··· Provided data

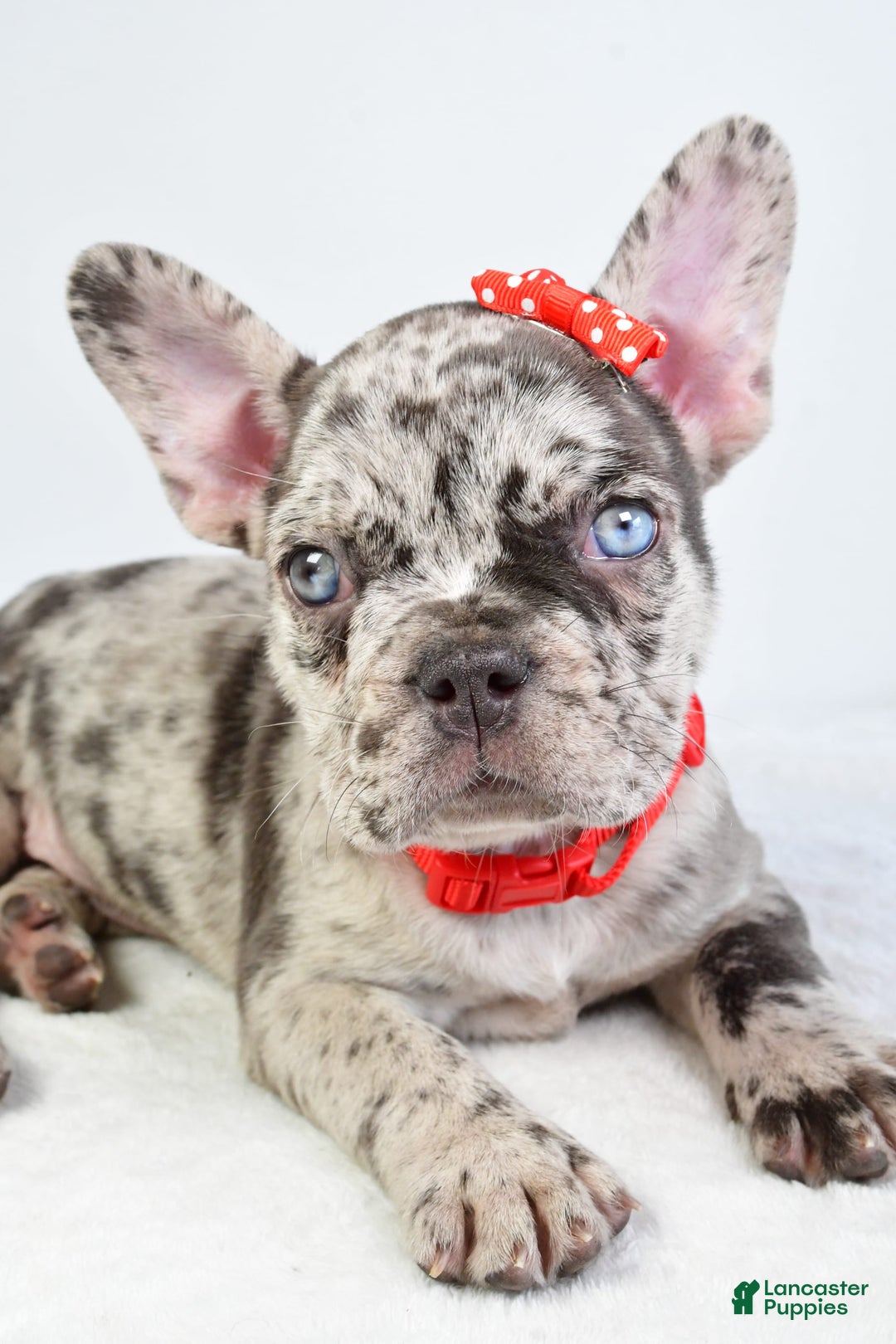French Bulldog dogs for sale: Austin - Image 2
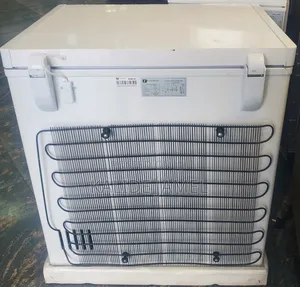 Everst Dep Ferizer Model 230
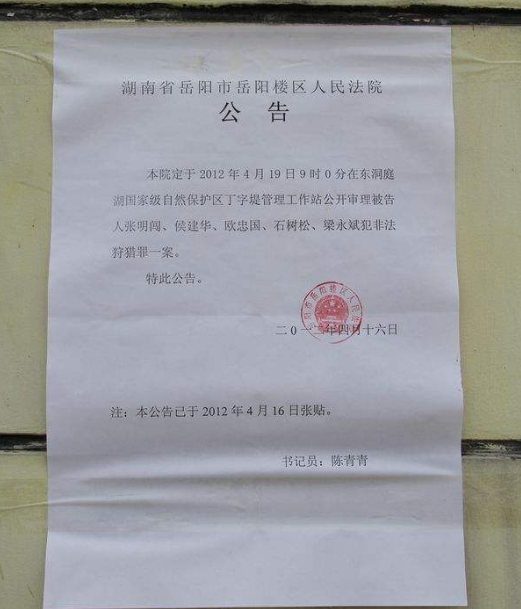 遗失声明效果图2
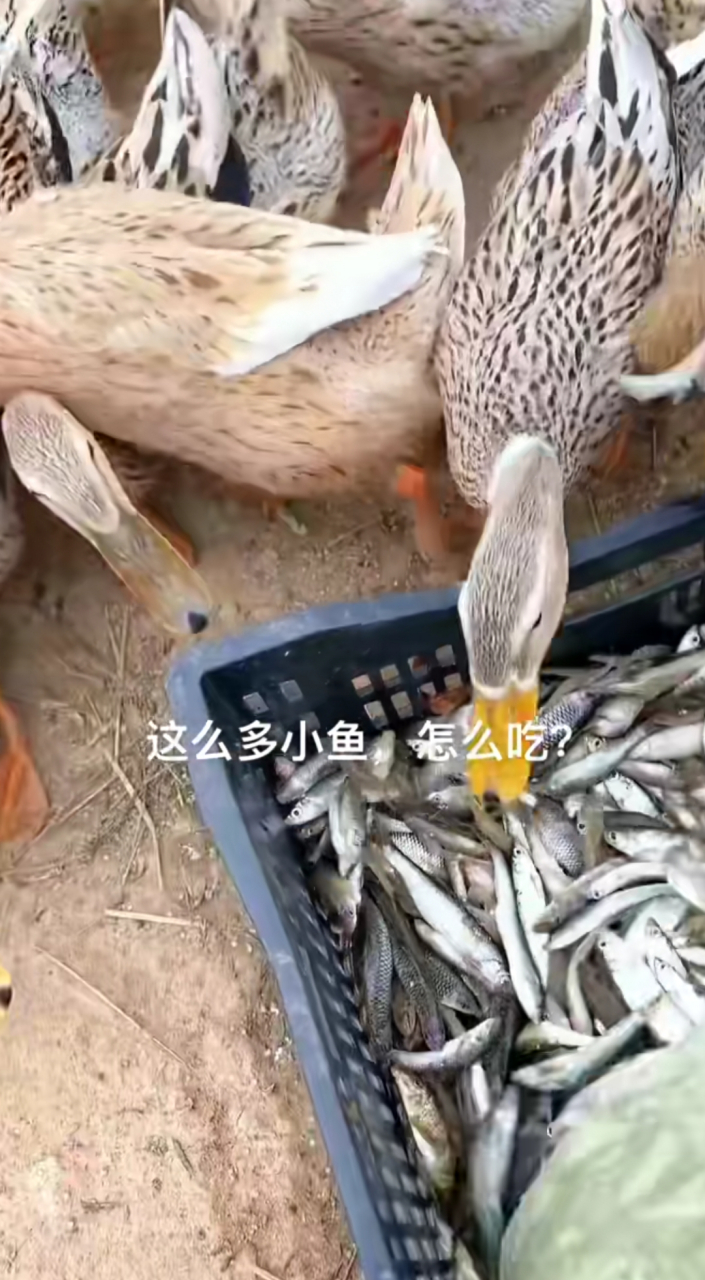 河里的小鱼仔,鸭子吃得贼欢快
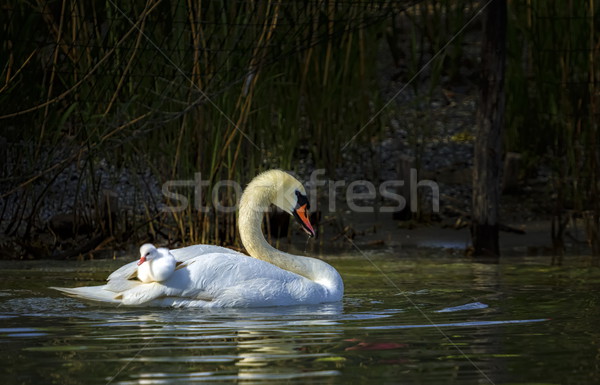 Mute swan, cygnus olor, mother and baby Stock photo © Elenarts
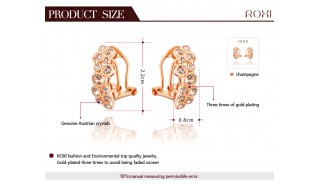 Позолоченные серьги - Позолоченные серьги Stone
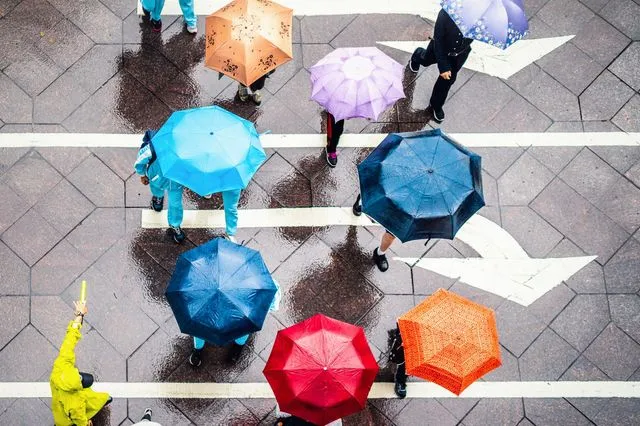 Άνθρωποι που κρατούν ομπρέλες στη βροχή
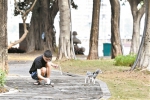 “狗伤人”事故频发：广州拟评估是否修订养犬管理条例 - 广东大洋网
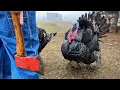 Butchering Turkeys Easy Set Clean Up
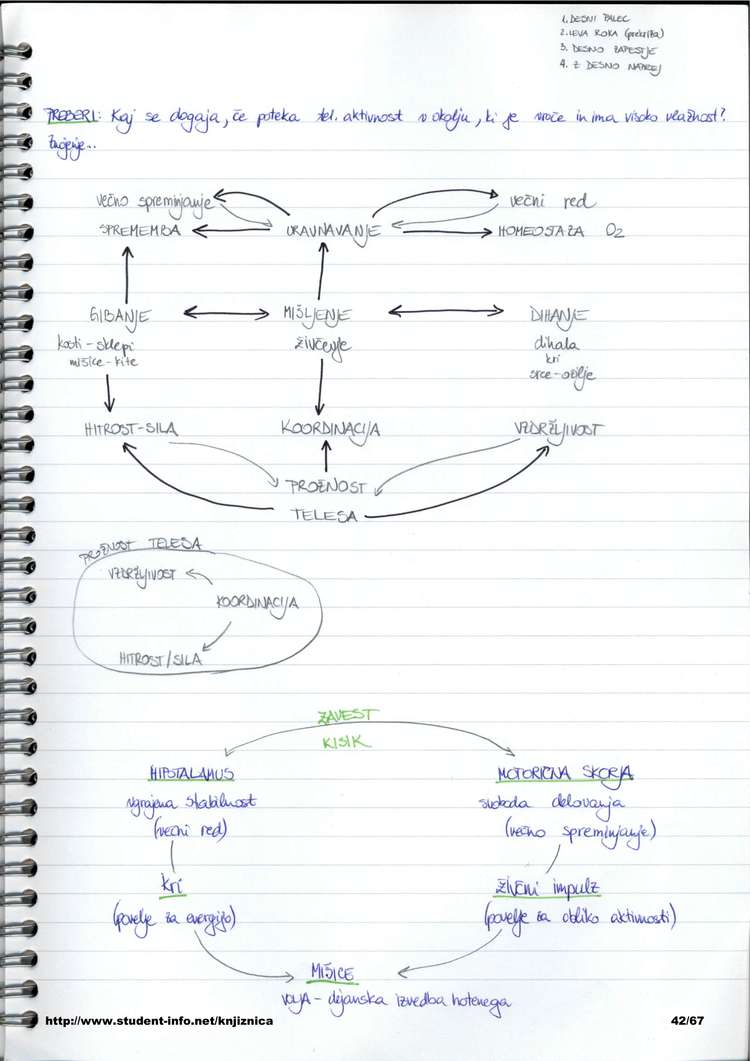 Predogled strani 42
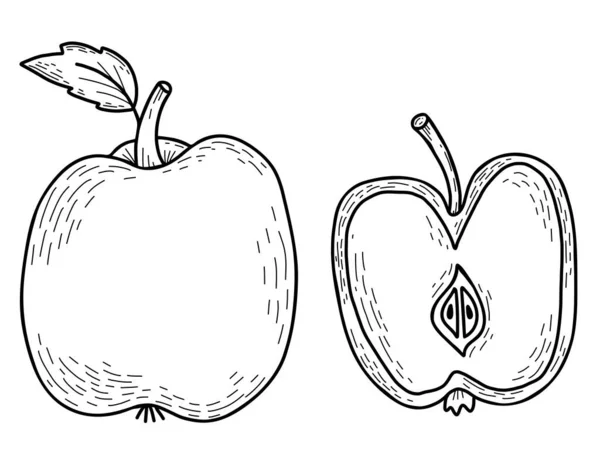 Ręcznie Narysowane Jabłko Piękny Cały Owoc Liściem Krojoną Połową Ilustracja — Wektor stockowy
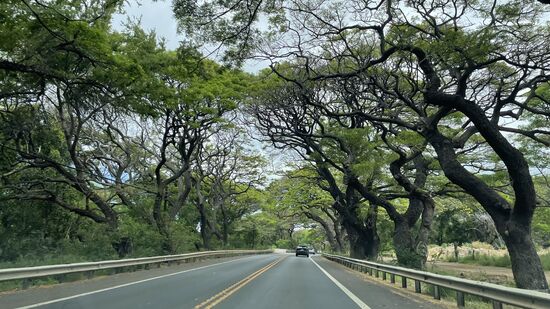 Wunderschöne Baum-Alleen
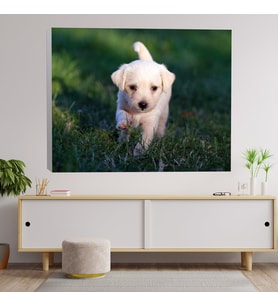 Beyaz Yavru Köpek Dekoratif Kanvas Tablo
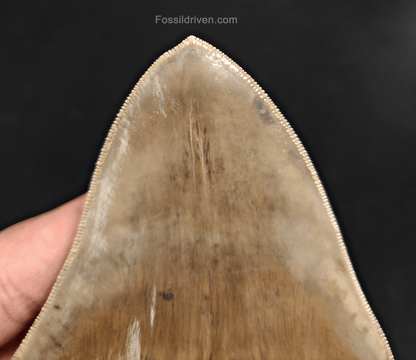 Collector - Quality 4.58" Megalodon Tooth - Indonesia - Real Fossil Shark Tooth - Fossil Driven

······

Except for the pictures, set down each line of the records exactly as it appears.

French Bulldog dogs for sale: Austin - Image 2
 Everst Dep Ferizer Model 230
 遗失声明效果图2
 河里的小鱼仔,鸭子吃得贼欢快
 Mute swan, cygnus olor, mother and baby Stock photo © Elenarts
 Позолоченные серьги - Позолоченные серьги Stone
 Άνθρωποι που κρατούν ομπρέλες στη βροχή
 “狗伤人”事故频发：广州拟评估是否修订养犬管理条例 - 广东大洋网
 Butchering Turkeys Easy Set Clean Up
 Predogled strani 42
 Ręcznie Narysowane Jabłko Piękny Cały Owoc Liściem Krojoną Połową Ilustracja — Wektor stockowy
 Wunderschöne Baum-Alleen
 Beyaz Yavru Köpek Dekoratif Kanvas Tablo
 Collector - Quality 4.58" Megalodon Tooth - Indonesia - Real Fossil Shark Tooth - Fossil Driven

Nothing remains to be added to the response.